Even when Britain was booming, and unemployment was at a historical low, there was resentment against immigrant workers, who at that time were accused not only of "taking" jobs but also of keeping wages low. Now, as many people face uncertain and sometimes desperate times, a destabilising and ugly increase in those sorts of resentments has to be expected. Yet the British Chamber of Commerce has already made a tacit declaration that such perilous issues are of no concern to it. The body simply insists that during competitive times in the global market, contracts like those offered at the Lindsey refinery are likely to become more common.

During the recession of the 1980s, the television comedy drama Auf Wiedersehen, Pet entertained a traumatised nation with tales of a group of British construction workers who had been compelled to seek work in Germany, and accept extremely modest working conditions as they did so. It's notable that the first widespread outpouring of frustration during this recession focuses on the opposite scenario.

No doubt, as unemployment bites, many more ordinary British workers will feel compelled to go where they can find work in turn. The commercial advantages of having dedicated forces living virtually on site, with nothing in the way of tiresome things like family interaction to distract them from their work, are clear. The social price such dismal practices exact is every bit as obvious, and is only likely to become more so.

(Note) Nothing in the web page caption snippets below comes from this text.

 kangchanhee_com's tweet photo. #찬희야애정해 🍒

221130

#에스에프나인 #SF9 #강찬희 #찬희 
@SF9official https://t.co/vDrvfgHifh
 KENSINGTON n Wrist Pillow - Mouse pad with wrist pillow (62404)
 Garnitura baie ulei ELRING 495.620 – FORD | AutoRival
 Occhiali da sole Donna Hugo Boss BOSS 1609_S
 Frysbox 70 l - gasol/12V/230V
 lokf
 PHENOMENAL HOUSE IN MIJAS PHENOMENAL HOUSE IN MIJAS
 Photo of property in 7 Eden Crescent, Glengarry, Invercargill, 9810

Brown's anti-protectionist stance looks more threadbare by the day. Another reminder that it's nice to be nice has been directed at supermarkets. They are accused of undermining the Government's attempts to persuade us to buy British by labelling foreign meat in ways that suggest it is home produced. It's a shame really that no one took a more robust stand on this earlier, simply in on the principle that honesty is desirable, and attempting to gull King Consumer is not.

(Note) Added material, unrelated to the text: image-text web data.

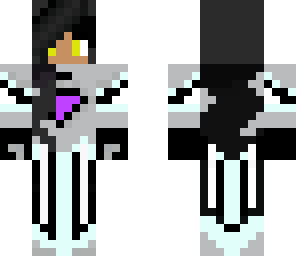 sister of lady katelyn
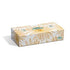 White Swan Essentials Case White Swan TTK8301 2-Ply Facial Tissue 100 Sheets, 30/Cs | Denson CFE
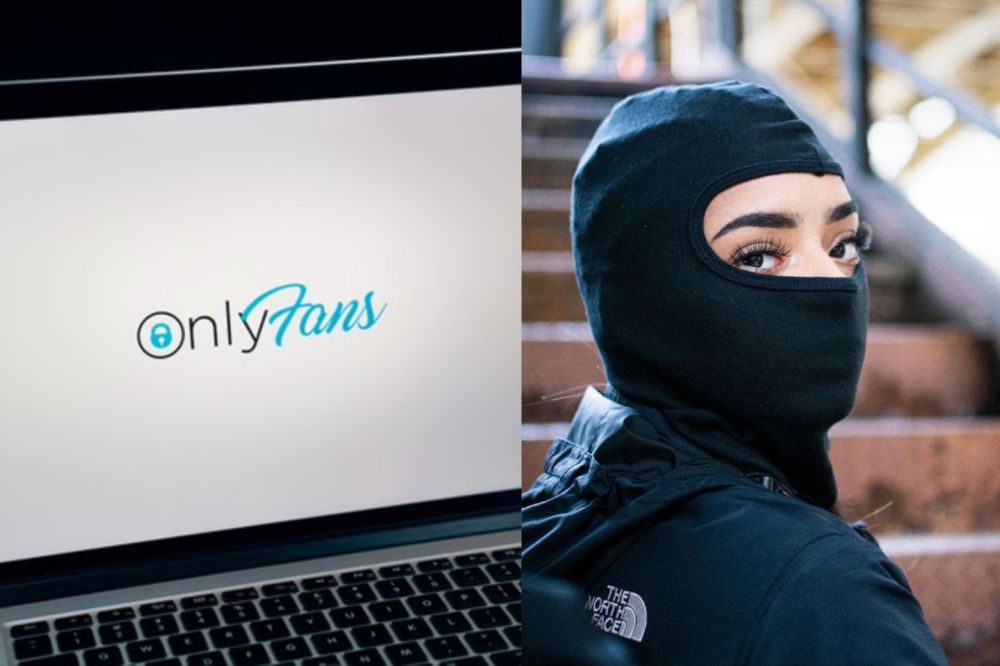 How to Make Money on OnlyFans Without Showing Your Face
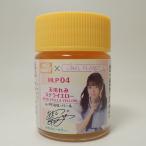 водный небо река .. Stella желтый 18ml GSIkre мужской HLP04 Mr.HOBBY×LINKL PLANET водный хобби цвет пластиковая модель краска 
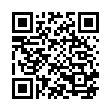 QR kód na túto stránku voda.oma.sk vracovsky-rybnik
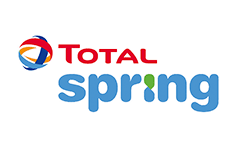 reclamation_logo_total_spring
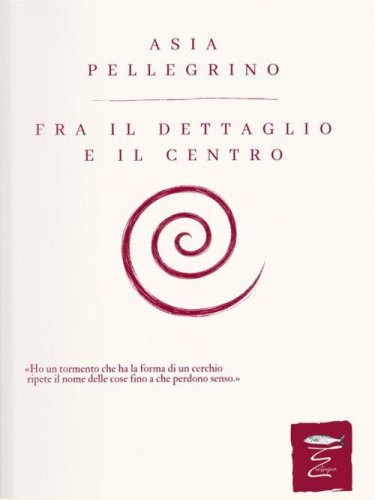 Fra il dettaglio e il centro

Should the world know if Amy's away?

Amy Winehouse has something new to add to her long list of troubles – the burglary of her London home while she was on holiday in St Lucia. The crime is hardly surprising. Burglary is proving a popular pastime at present, and all those likely to have their holiday habits reported in the media need to bear this in mind.

Thanks to the intrusive but lucrative trade in photographs of the private lives of celebrities, the homes of the famous are easy to spot because they always have gangs of snappers standing around outside them. Thanks to the dedicated working of the same trade, any fool can work out when the homes of publicity magnets are empty.

High-profile footballers in some parts of the country have already become used to burglaries during away matches. It's hard to believe that the empty homes of the rich and highly publicised are not going to be targeted even more enthusiastically in future. No doubt the taxpayer, rather than those profiting from the dissemination of endless bikini shots, will have to foot the bill for any extra police vigilance deemed necessary.

The price others paid for John Martyn's creativity

I love John Martyn's music. But I had the misfortune to be sitting near his party in an Edinburgh bar in the early 1980s. It took me a while before I could reconcile the sweet romanticism of his songs with the rude, drunk, aggressive and demanding boor who had dominated everybody's evening.

It was tragic to observe over the years that he grew no wiser as he grew older, even though his self-destructive ways led to leg amputation, then early death. Like a lot of creative types, Martyn, right, died believing that his dreadful behaviour was justified because of his art, and even that the latter would not have existed or thrived without the former.

It's a great shame that he never ever stopped to ask why so much of his most celebrated work had already been completed while he was still a young man, less damaged by the ravages of his poor lifestyle choices. It's amazing, really, that even though the spectacle of talent squandered in such a way is ubiquitous, the myth of the desirability of creative chaos, and artistic "suffering", maintains such a firm cultural hold.